Hear that? Even poets can be iffy on poetry. It’s a wonder the rest of us hear the word and go running for the hills.
But there’s a second part of the poem, too. Most people don’t willingly read poetry, and most of our students roll their eyes when we reach the poetry unit. But when we force ourselves to read it—to truly dive into the space surrounding words as much as the symbols themselves—we find something else altogether: a taste of the genuine.

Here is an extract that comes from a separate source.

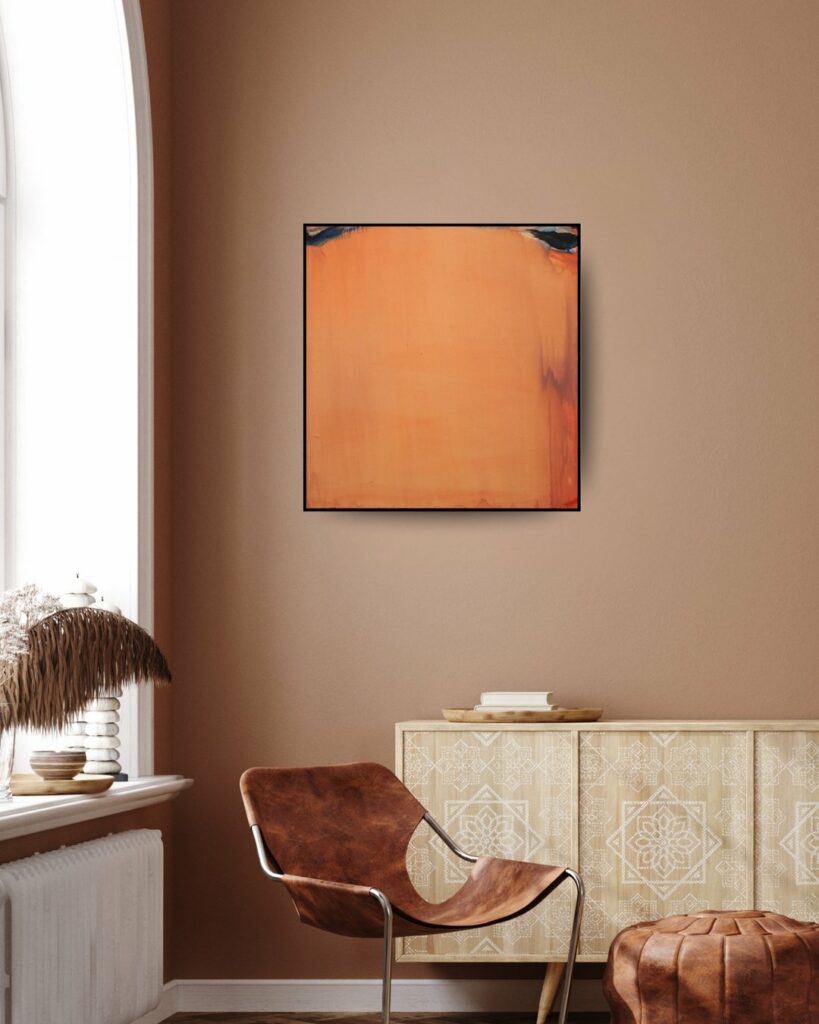 olivier debré orange galerie jaf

Poetry is an art that strains against its own limits. It tries, however imperfectly, to gesture beyond language and reach toward the wild, complex beyond. I would wager that this is precisely why most of us don’t like it. In a world of absolutes, poetry is a study in ambiguity.
Take Joy Harjo’s gorgeous poem “She Had Some Horses,” which ends with:
She had horses who whispered in the dark, who were afraid to speak.

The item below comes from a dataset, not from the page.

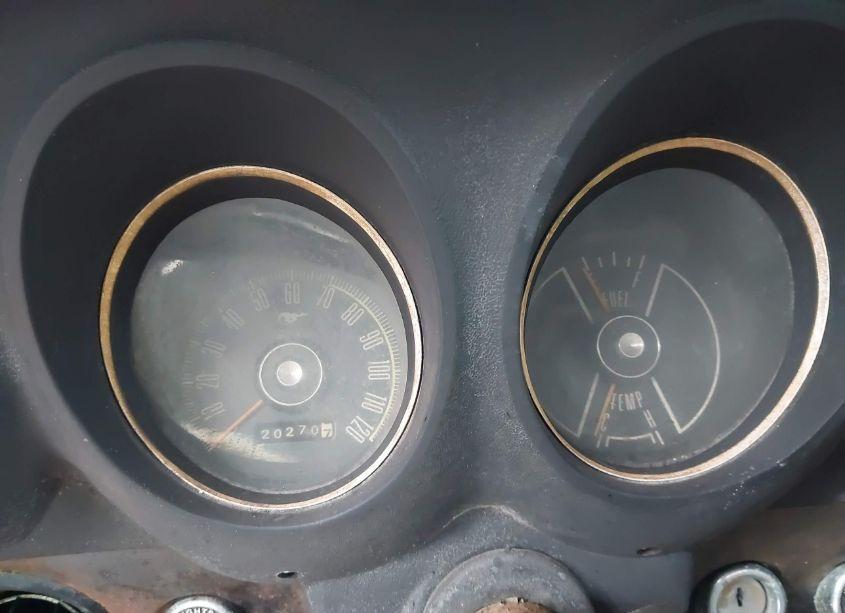 Photo 7 of 1969 Ford Mustang (VIN 9T02F212255)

She had horses who screamed out of fear of the silence, who carried knives
to protect themselves from ghosts.
She had horses who waited for destruction.
She had horses who waited for resurrection.She had some horses.
She had horses who got down on their knees for any savior.
She had horses who thought their high price had saved them.
She had horses who tried to save her, who climbed in her bed at night and prayed
as they raped her.She had some horses.
She had some horses she loved.
She had some horses she hated.These were the same horses.
Read those last lines again, if you don’t mind: “She had some horses she loved. She had some horses she hated. These were the same horses.”
Poetry is a far cry from the social media algorithms that feed us more of what we already believe. And this, I believe, is precisely why we need it right now.
The Unbalanced Student
Think about it from the perspective of a classroom.
When a student sits in your class and hasn’t yet learned to read but loves math—goes googly for multiplication tables and long division—do you let her sit in the corner and sketch quadratic equations during English? Do you take her calculator away and say, Sorry, kiddo, you’ve got to learn to read before you can do more sums? Do you tell her she can specialize early and stay in her comfort zone, since there are enough people who can read already?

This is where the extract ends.